One night I slept very soundly in the upper berth, but in the morning found my room flooded from the open port-holes, sofa, floor, and baggage wet, but no great harm done, my clothing being hung up. In the morning I knew the sailors were washing the deck, for the water leaked through and struck my face, but one learns not to mind such little matters when travelling, and I turned over for another sleep.

It is rather hot on the steamer, thermometer eighty degrees, but the punkas are going in the cabin, and we are all quite comfortable.

We came from Bombay on the steamerAssam, arrived at Aden on the 6th, and were transferred to this ship, and unfortunately there was not time for us to go ashore, but I think we lost nothing, as it was a poor-looking place, nothing but rocks and fortifications.

We now see for the first time the coast of Arabia, big hills evidently of volcanic formation, and long reaches of white sand. The native boats crowded around the ship, offering ostrich feathers and various things for sale; boys were diving for silver pieces thrown into the water, and generally succeeded in getting them.

The run of four days up the historic Red Sea has been full of interest. One day the air was full of locusts flying over from Arabia to Africa, many of them falling on the deck. They looked like small birds when flying, but were not larger than katydids, and brown in color.

On Sunday the service was read by a clergyman who preached an excellent sermon. He read from the Bible the account of the passage of the Red Sea at a place not far from where we were, and the sermon was about it and Egypt.

The seats at the long tables in the dining-room were filled, nearly all the passengers being in attendance. The weather continues perfect, the water smooth and looking very blue. Captain Loggin, of this ship, says that on his last trip he had a lady passenger who was ninety-one years of age, andon a former trip another who was ninety-two, both of them very jolly and comfortable, and going from England to visit their relatives in India.

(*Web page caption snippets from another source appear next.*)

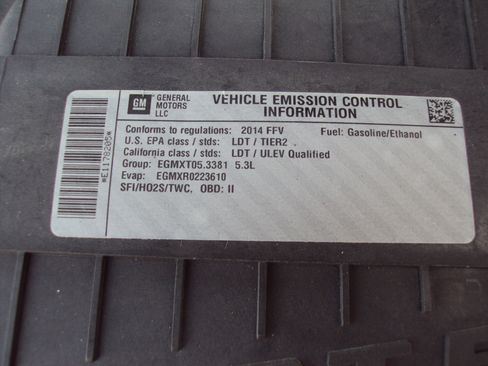 Used 2014 Chevrolet Express 1500 LT w/ LT Preferred Equipment Group image 27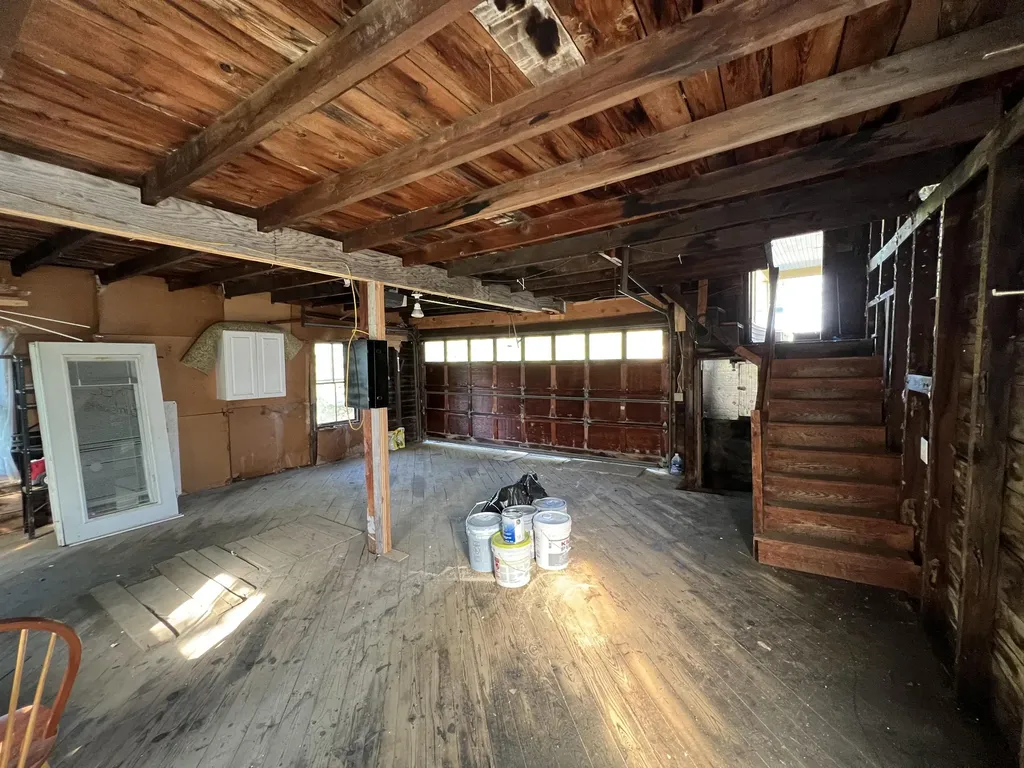 729 Prospect Avenue Rumford ME 04276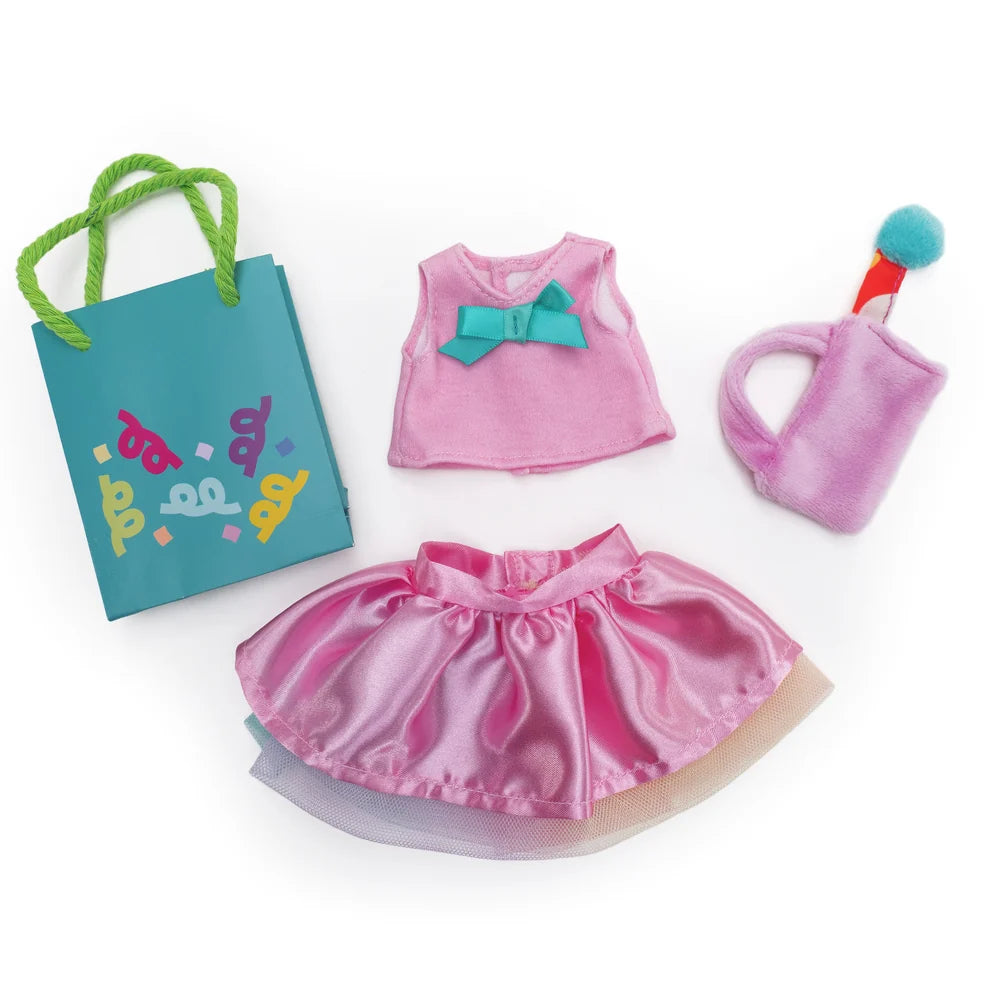 Manhattan Toy Groovy Girls Clothes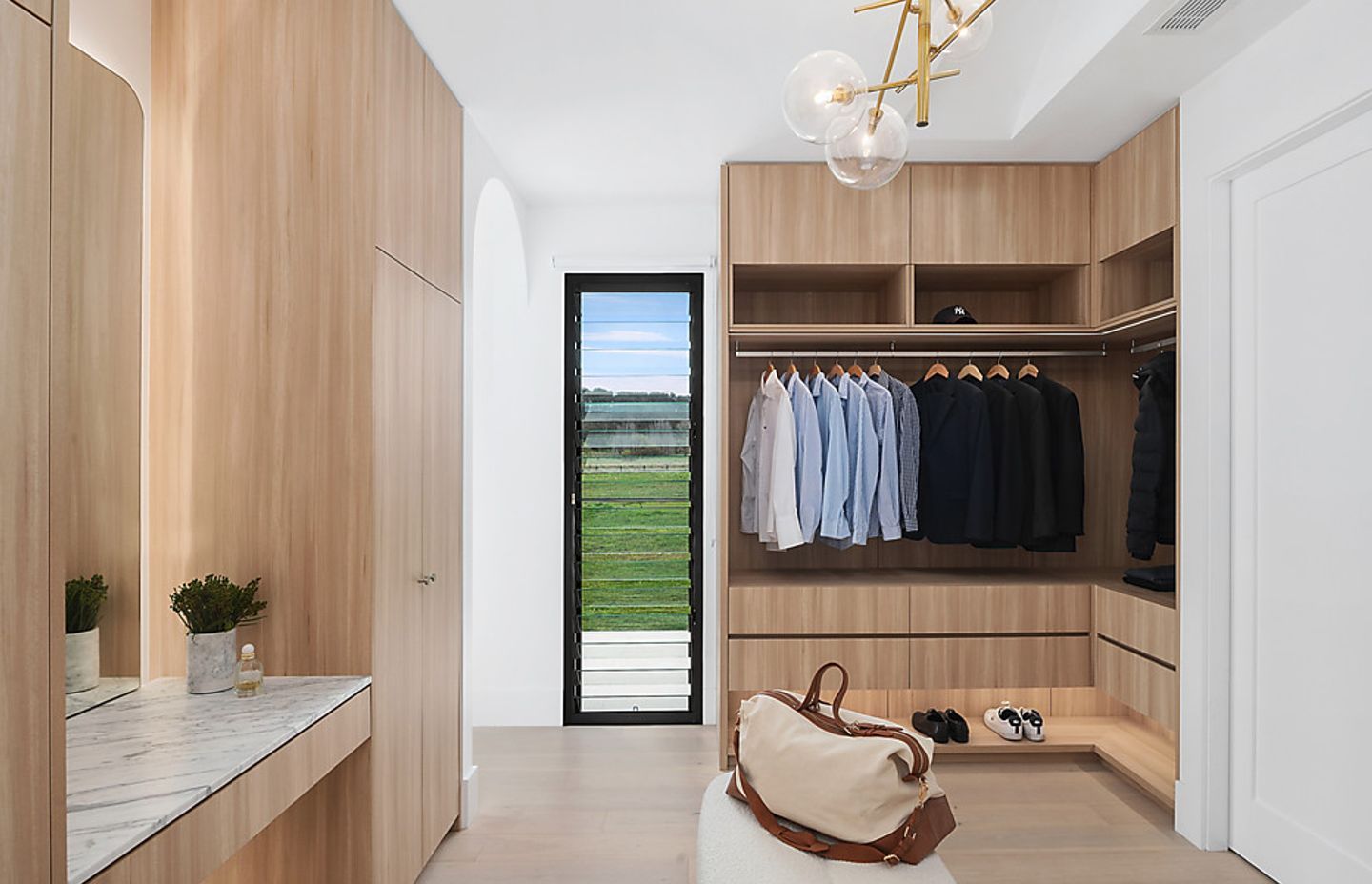 Herald Park by Martin O'Toole Architects | Photography by Phil Winterton courtesy of Di Jones Bowral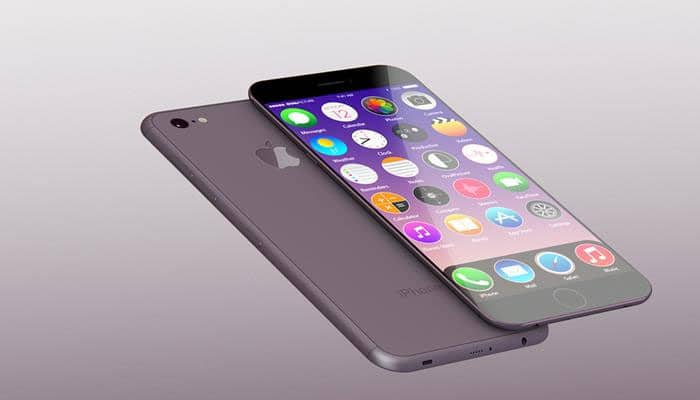 Apple, Flipkart enter into partnership to sell iPhone 7 in India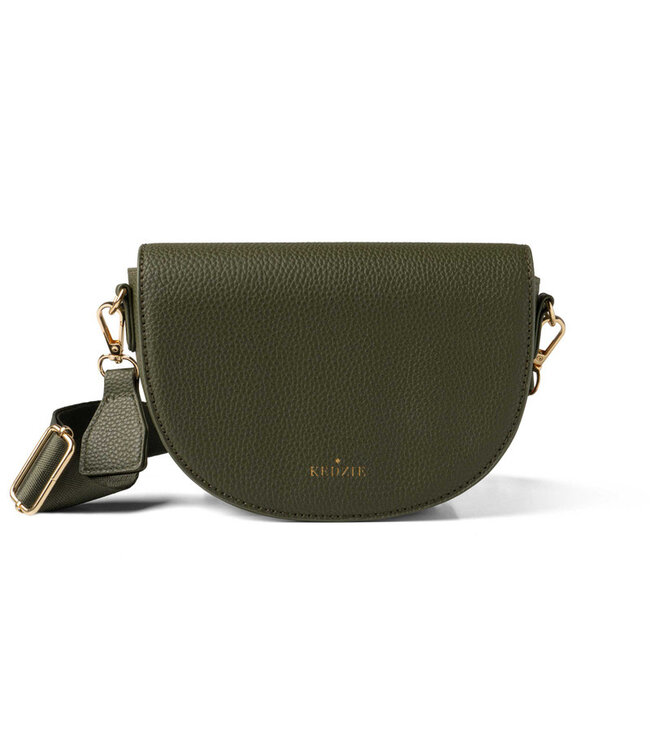KEDZIE Luna Crossbody KDZLC2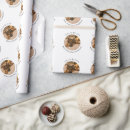 Buscar perro papel de regalo Para todos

The captain said that on another of his trips, two ladies, strangers to each other, were put in one state-room in which were two wash-basins. One basin being a little larger than the other, each lady wanted the larger one, and appealed to him. He gave the matter due consideration, and finally informed them that the elder should have it. As we approach the upper end of the sea it narrows to about three miles, and we have good views of both the Arabian and the African coasts, long stretches of sand on both shores, and then mountains of volcanic origin, but not a sign of a town or of any inhabitants. Early one morning the captain gave notice that we were nearing the Sinai range of mountains, and he showed on his chart all the points of interest, and directly pointed out the historic mountain itself, situated beyond a range which was near the sea, and looming up so that we could see it with the naked eye, and very clearly with the glass. The mountain appeared to be about forty miles off.